**What you have to do:**
What you copy should be the lines from the one with "4 breloques en" through the end of the entries, word for word. Omit the pictures.

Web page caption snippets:
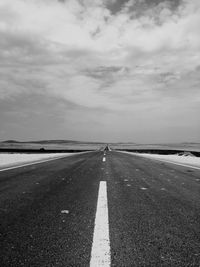 Road by sea against sky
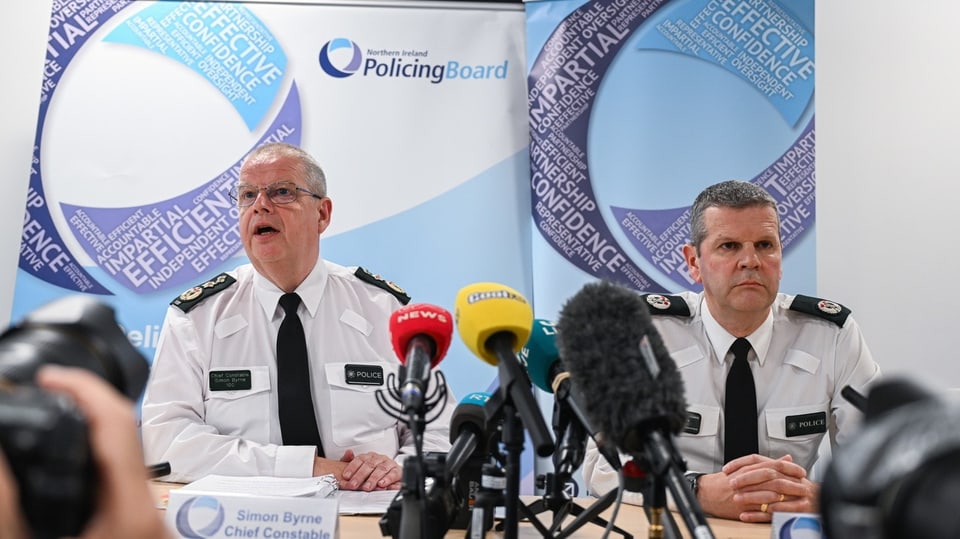 Zwei Männer in Polizeiunform vor Mikrofonen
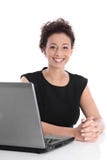 Gelukkige jonge bedrijfsvrouwenzitting bij bureau met laptop royalty-vrije stock afbeelding Gelukkige jonge bedrijfsvrouwenzitting bij bureau met laptop royalty-vrije stock afbeelding
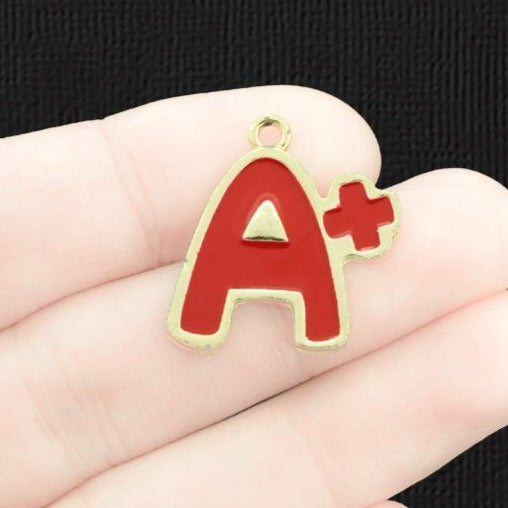 4 breloques en émail doré de l'école A+ - E706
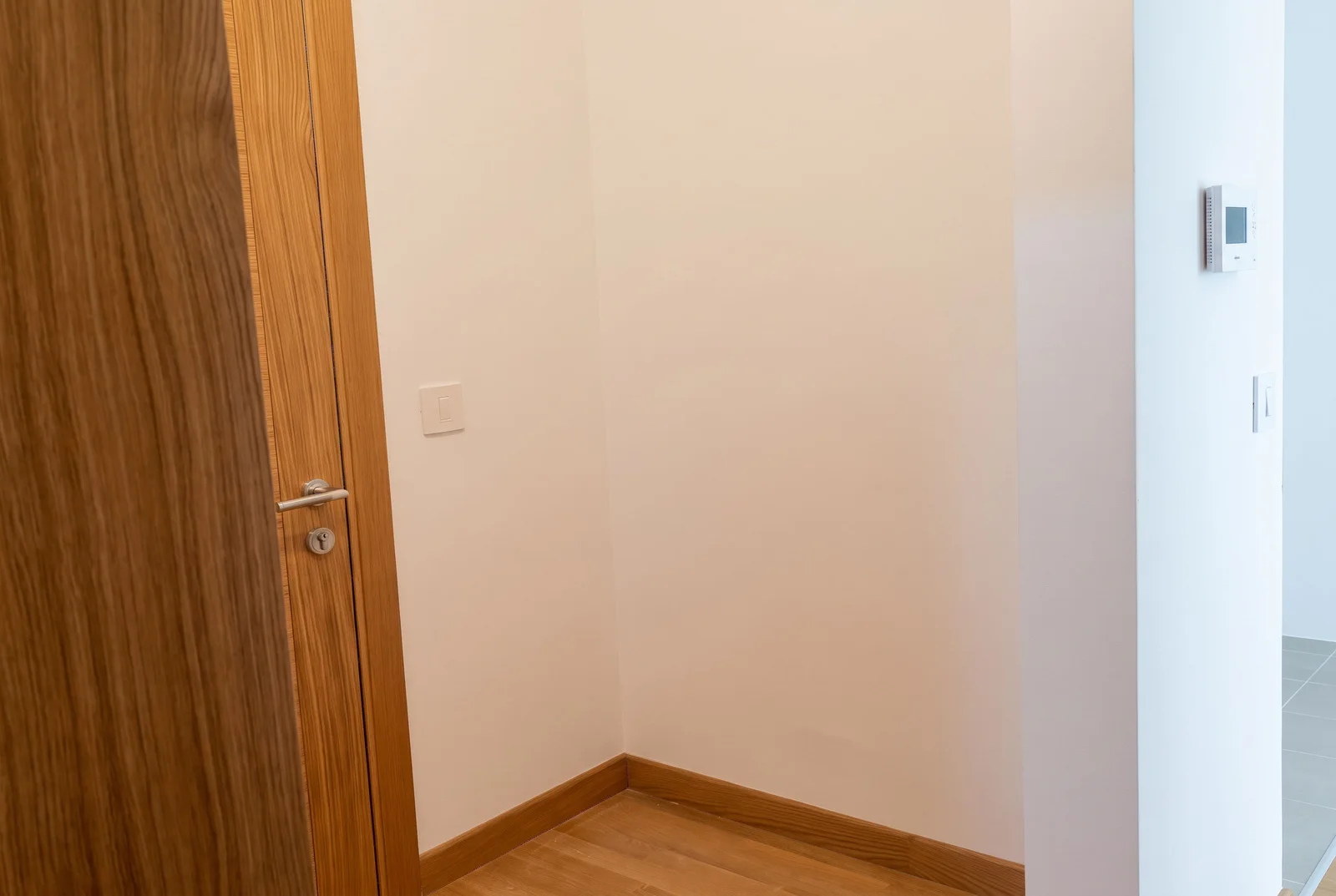Pran ugao sa drvenim vratima, svetlim zidovima, laminatom i termostatom na zidu.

**Solution for this problem:**
 4 breloques en émail doré de l'école A+ - E706
Pran ugao sa drvenim vratima, svetlim zidovima, laminatom i termostatom na zidu.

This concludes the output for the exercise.